I was a man who had many friends,
And many friends had me.
I used to pump gas about an hour north of where Doug Hoffman used to pump gas. I don't know if that makes us kindred spirits or ancient enemies. I know it makes us both old. ("What do you mean, you used to pump gas? For who? The Romans?") Now Doug Hoffman is the Conservative Party nominee for Congress in New York's 23rd District.
And I hate to say this about a fellow former pump jockey, but he's hooked up with some really loathsome people.
Doug Hoffman didn't want to be in the Conservative Party. He's not crazy. He wanted to be the Republican nominee. He applied, but the party chose someone else; a woman named Dede Scozzafava. Doug Hoffman was shocked by this decision, since he had that gas station experience going for him, and all Scozzafava had was six terms in the Assembly and four years as Mayor of Gouverneur. So he did what any modest, principled, grass-roots-centered, we-the-people-type citizen legislator would do: He got in touch with a fringe party and told them he was wiling to spend $250,000 of his own money to run.
Because that's what it means to have a servant's heart.
And a midlife crisis.
Barack Obama got 52% of the votes in the 23rd in 2008. Dede Scozzafava had the Republicans. Where could Doug Hoffman turn?
To a traveling freak show of evil creeps who want to use a misguided mediocrity to jerk around the people of upstate New York for shits and giggles.
To Glenn Beck, Gary Bauer, Sean Hannity, Michele Bachmann, Michelle Malkin, Dick Armey and, yesterday, like the churning of milk bringing forth butter and the wringing of the nose bringing forth blood, to Sarah Palin's Facebook page.
It's like Commissioner Gordon lit up the batshit signal.
He also has the support of the Club for Growth, the National Review, the Weekly Standard and Human Events. Or, as Sarah Palin puts it:
And best of all, Doug Hoffman has not been anointed by any political machine.
She's still got it.
He hasn't just been anointed by a political machine. He's been kidnapped by drifters.

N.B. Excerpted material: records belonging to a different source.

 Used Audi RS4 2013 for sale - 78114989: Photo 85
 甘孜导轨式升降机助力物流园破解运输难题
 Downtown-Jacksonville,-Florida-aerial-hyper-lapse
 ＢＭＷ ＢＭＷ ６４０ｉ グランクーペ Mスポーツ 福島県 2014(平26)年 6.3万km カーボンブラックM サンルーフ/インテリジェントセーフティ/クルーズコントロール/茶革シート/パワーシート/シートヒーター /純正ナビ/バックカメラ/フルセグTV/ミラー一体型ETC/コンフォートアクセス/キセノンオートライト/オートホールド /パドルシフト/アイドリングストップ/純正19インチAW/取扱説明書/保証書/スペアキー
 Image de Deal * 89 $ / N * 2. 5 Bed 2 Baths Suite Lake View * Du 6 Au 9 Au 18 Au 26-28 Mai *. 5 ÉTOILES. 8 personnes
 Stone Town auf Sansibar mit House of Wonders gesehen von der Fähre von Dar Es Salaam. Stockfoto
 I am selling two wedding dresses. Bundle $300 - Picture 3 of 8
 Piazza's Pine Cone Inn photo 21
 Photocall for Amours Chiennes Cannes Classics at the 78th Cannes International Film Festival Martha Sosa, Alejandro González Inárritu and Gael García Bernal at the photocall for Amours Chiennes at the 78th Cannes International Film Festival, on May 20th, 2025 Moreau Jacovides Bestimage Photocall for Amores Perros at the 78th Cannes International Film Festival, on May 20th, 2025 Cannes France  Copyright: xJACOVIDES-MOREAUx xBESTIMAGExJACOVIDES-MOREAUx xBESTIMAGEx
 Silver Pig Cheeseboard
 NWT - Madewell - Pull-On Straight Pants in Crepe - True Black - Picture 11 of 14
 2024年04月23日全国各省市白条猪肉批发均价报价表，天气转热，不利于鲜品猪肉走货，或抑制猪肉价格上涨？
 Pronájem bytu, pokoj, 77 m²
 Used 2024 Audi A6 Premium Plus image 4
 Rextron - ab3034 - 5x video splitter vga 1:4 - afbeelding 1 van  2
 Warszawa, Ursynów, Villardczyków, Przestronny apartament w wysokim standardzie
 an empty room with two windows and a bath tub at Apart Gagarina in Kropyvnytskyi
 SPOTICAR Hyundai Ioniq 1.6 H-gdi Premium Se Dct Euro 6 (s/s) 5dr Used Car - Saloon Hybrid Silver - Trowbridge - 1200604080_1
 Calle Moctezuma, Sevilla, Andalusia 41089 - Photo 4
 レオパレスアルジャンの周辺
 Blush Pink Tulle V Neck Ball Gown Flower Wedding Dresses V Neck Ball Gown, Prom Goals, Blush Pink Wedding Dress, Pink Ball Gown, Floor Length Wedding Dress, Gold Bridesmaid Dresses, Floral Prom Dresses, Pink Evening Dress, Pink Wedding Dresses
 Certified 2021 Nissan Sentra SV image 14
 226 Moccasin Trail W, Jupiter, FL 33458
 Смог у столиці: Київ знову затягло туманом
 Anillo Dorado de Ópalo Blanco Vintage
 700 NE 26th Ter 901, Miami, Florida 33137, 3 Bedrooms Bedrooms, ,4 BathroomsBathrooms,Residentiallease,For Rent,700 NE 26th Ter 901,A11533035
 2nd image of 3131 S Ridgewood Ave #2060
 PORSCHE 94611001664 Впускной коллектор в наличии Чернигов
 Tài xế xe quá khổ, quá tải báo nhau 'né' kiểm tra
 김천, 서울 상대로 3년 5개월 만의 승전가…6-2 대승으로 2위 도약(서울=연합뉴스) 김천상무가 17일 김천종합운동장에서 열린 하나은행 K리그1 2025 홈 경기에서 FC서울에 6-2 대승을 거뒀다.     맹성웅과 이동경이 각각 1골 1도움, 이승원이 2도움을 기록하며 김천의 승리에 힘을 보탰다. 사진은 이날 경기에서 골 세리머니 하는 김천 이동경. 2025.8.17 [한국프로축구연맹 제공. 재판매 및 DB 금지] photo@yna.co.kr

Of course they're a machine. They're also rustlers, cut throats, murderers, bounty hunters, desperados, mugs, pugs, thugs, nitwits, halfwits, dimwits, vipers, snipers, con men, Indian agents, Mexican bandits, muggers, buggerers, bushwhackers, hornswogglers and horse thieves. And worst of all, they're not even from around here.
They're all from out of state.
According to the Watertown Daily Times:
Aside from his own personal wealth, Mr. Hoffman has paid for his congressional campaign almost entirely with money from outside New York...
The Club for Growth PAC, based in Washington, has contributed more than $95,000 to Mr. Hoffman's campaign through bundled funds, out of $307,888 he has raised, according to the FEC report. The Citizens United Political Action Fund, a conservative group, gave $10,000.
He also accepted $1,000 from the God is Not Government PAC, based in Washington, which describes itself as a "real religious right Political Action Committee" that can "run radio and TV ads favoring conservative Christian candidates" and requires its recipients to affirm in writing that they "are pro-life, pro-family and stand firmly against the unbiblical welfare state that is destroying the spiritual and economic greatness of our nation."
Sure, if you believe the liberal elite drive-by media, like the Watertown Daily Times. And not the feisty local little guys, like Sun Myung Moon's Washington Times, where the editorial page has called for Scozzafava to step aside for Hoffman or risk turning America into "Dede's Police State."
Don't say you weren't warned, Oswego.
Listen, I'm in no position to say the people of upstate New York shouldn't vote for Sarah Palin's candidate. What do I know? My grandfather left Watertown in the 1930s, so we've never lived under Dede Scozzafava's iron heel. My step-grandfather, stepfather, mother and sisters all settled in the chilly Diaspora of Cortland, miles over the county line. If messages are smuggled to my cousins in Malone, I'm not endangering them by telling you.
And Doug Hoffman can do what he wants, including go into business with unspeakably sleazy characters.
But no one in New York should get the wrong impression, like that he's doing it for Watertown.